PROBLEM.
Wherever the line with "値下げ Bell & Ross" sits in the listing below, transcribe from it up to and including the line with "Big Kids' Motozoa", exactly, and leave the remaining lines out.

[PROVIDED MATERIAL — start]

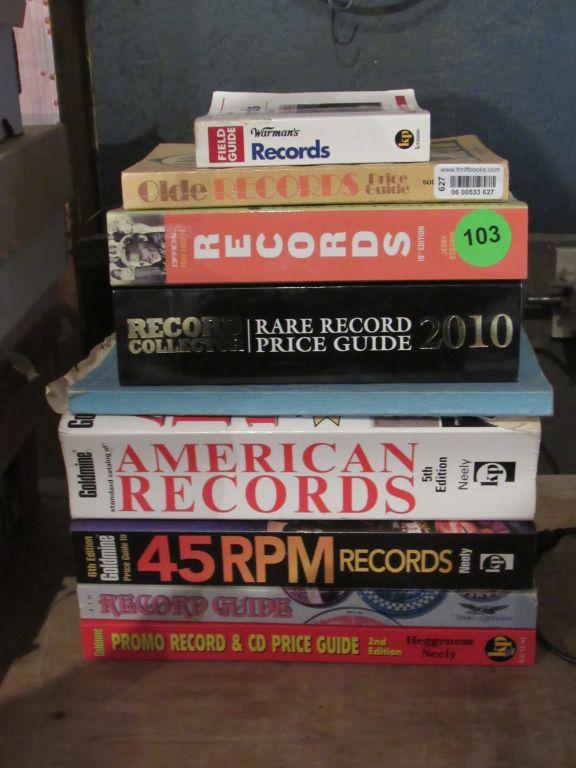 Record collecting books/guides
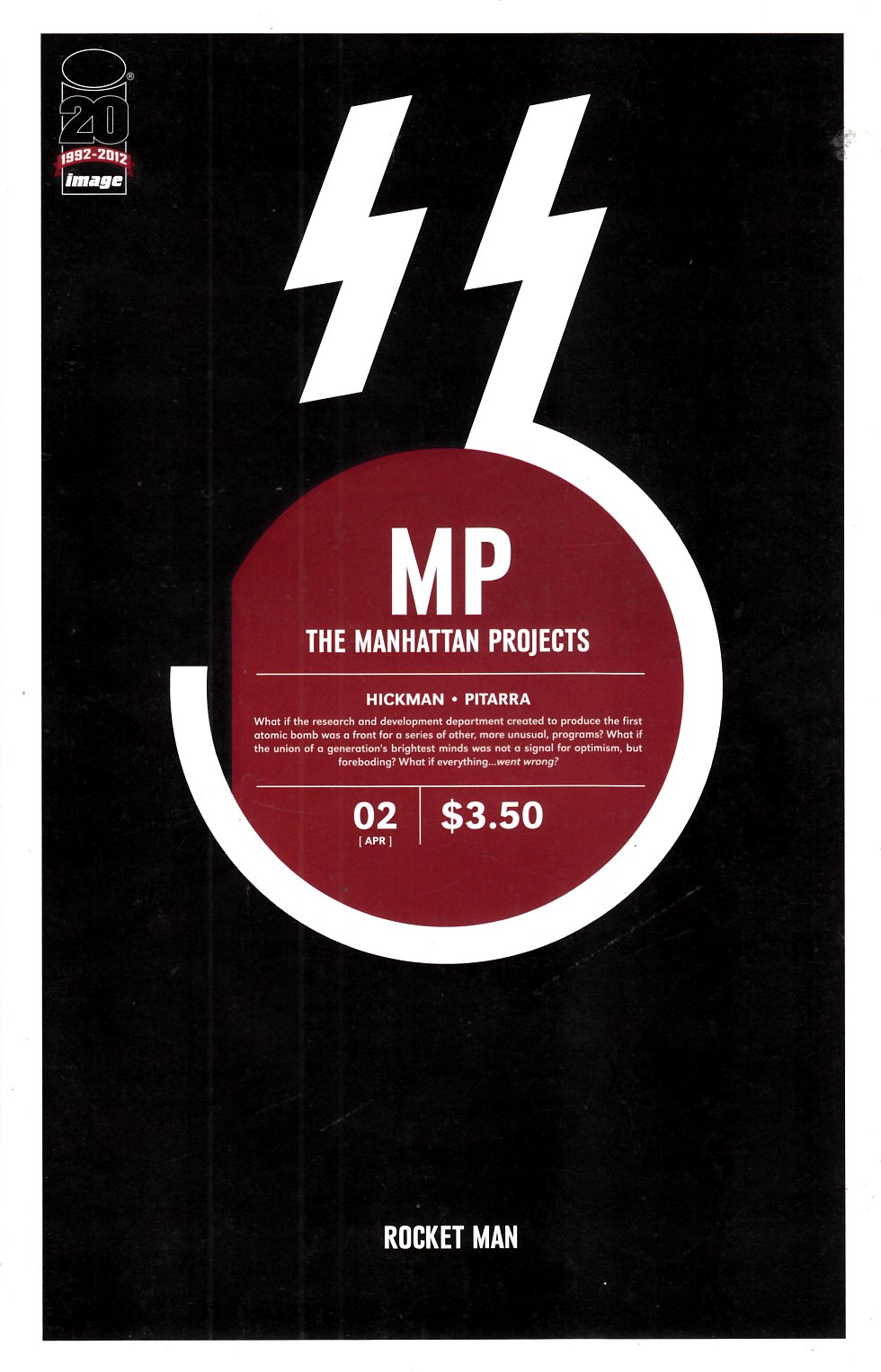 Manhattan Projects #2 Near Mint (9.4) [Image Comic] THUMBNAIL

[PROVIDED MATERIAL — finish]
[PROVIDED MATERIAL — start]

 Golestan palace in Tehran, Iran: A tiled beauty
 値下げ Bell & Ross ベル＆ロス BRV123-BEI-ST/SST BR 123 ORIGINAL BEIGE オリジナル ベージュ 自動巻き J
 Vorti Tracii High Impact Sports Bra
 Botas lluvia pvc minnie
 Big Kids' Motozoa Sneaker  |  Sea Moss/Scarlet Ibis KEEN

[PROVIDED MATERIAL — finish]

YOUR SOLUTION.
 値下げ Bell & Ross ベル＆ロス BRV123-BEI-ST/SST BR 123 ORIGINAL BEIGE オリジナル ベージュ 自動巻き J
 Vorti Tracii High Impact Sports Bra
 Botas lluvia pvc minnie
 Big Kids' Motozoa Sneaker  |  Sea Moss/Scarlet Ibis KEEN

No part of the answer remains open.